A brilliant, damaged girl; a passionate, political boy.
A group of four friends—the Liars—whose friendship turns destructive.
A revolution. An accident. A secret.
Lies upon lies.
We Were Liars is a modern, sophisticated suspense novel from National Book Award finalist and Printz Award honoree E. Lockhart.
And if anyone asks you how it ends, just LIE.
I view hype as a deathtrap for a book. When I see rave “professional” reviews and media plugs for a new YA book, I tend to run the other way and avoid the entire ordeal. I’m tired of touching that hot stove.
However, there are times when online reviewing and Twitter feeds can actually help me look past the rabid raving and push me to take a chance on a hotly hyped book. Every once in a while, the popular status of a novel does stem from the sole reason that a book is honestly good and worth while (a la Angelfall).
After witnessing some PTSD reactions on my own Twitter feed, I finally caved and bought this for my Kindle. It helped quite a bit that I was itching for a contemporary summer read.
So I caved and took a dive into the hype.
After reading, all I can say is WOW, way to murder my poor heart!
I read this book in an entire day because I just could not bring myself to stop reading. The story sucked you in from the start, and the writing is actually causing me to take another look at Lockhart’s novels.
The characters were a shock to my system. Cady was a hard egg to crack. From the start, I felt this wall around her, this unwillingness to let down her guard and let even the reader come close to her. In a way, we watch the world go by her with a sense of “wrongness”. The entire time, it seemed that everything seemed out of place while the story unfolds. I was getting a bit worried when I flew through the book, because I couldn’t see any other outcome, and I began to doubt myself. Then everything just steamrolled right over my reality, then my wishes and my wants and finally, heart murder.
This isn’t a story that you can properly review. It has an air of “First Rule” etiquette. I could not, for the life of me, understand why my page was filled with half-cocked discussions about the ending, and the characters, and the emotional toil. I was thinking to myself, “If I made it through The Knife of Never Letting Go and wrote a review, then this book can sure as hell get one!”
WHOA. I apologize, bookies.
You can’t properly explain this book without giving away so much.

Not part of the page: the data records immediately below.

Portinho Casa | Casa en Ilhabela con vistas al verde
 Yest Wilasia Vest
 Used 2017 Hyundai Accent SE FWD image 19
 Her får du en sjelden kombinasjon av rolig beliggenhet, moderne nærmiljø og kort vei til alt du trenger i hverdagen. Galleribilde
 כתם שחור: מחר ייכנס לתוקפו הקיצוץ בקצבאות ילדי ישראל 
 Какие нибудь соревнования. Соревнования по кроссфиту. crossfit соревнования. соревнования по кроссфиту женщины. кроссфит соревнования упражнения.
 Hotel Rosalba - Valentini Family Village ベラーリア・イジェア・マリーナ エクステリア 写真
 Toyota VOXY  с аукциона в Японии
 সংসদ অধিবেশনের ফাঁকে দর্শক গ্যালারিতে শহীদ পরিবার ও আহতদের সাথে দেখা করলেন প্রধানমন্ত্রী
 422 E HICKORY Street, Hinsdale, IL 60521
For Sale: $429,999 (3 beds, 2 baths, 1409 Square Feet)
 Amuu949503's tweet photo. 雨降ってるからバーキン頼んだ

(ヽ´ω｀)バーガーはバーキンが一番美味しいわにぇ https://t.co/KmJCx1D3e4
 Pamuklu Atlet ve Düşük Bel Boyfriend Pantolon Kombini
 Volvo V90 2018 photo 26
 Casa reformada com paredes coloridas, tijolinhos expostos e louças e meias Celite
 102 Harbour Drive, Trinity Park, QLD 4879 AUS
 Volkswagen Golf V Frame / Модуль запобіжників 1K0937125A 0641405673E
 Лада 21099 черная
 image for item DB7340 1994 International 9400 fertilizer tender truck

Instead, I want to focus on the main appeal of the book: The sense that something is just terribly wrong, and the fact that the main character is pouring out every uncomfortable feeling and raw thought out to you while raising the drawbridge. It is like watching something horrible without the ability to fix it. All you can do is watch and stare.
I understand that might be very frustrating for some, but you just have to read this book to get it. It is raw, and painful, and it is tough as hell to read, and even tougher to put down. You either see it coming, or you don’t, and it either tears you apart, or it doesn’t.